WHAT THE TASK ASKS → Exact copies of the lines below, from the one with "Breaking Down the" up to and including the one with "Tiffany Leigh Crozier's profile image", are what this calls for; leave out pictures.

GIVEN DATA →
_ _ _ _ _
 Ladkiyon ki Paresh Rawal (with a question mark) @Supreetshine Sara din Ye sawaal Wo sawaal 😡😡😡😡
_ _ _ _ _
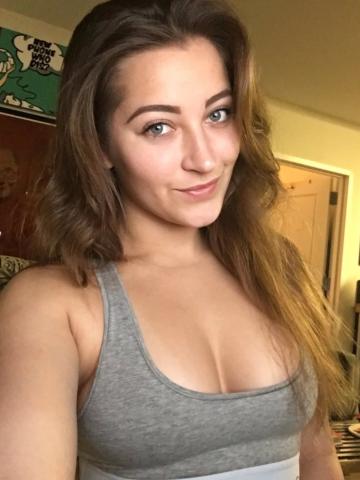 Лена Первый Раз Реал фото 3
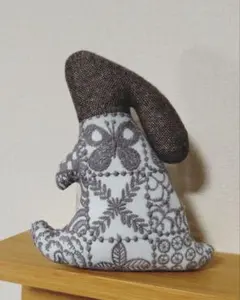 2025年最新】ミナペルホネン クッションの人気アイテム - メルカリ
_ _ _ _ _
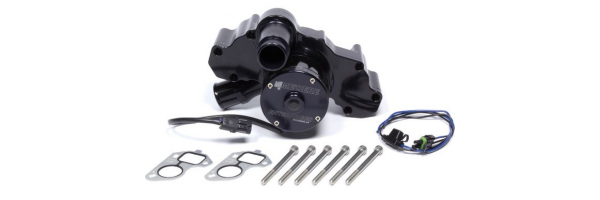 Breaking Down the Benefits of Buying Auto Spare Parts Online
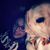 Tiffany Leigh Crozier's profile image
_ _ _ _ _
REPLY TO THE TASK →
 Breaking Down the Benefits of Buying Auto Spare Parts Online
 Tiffany Leigh Crozier's profile image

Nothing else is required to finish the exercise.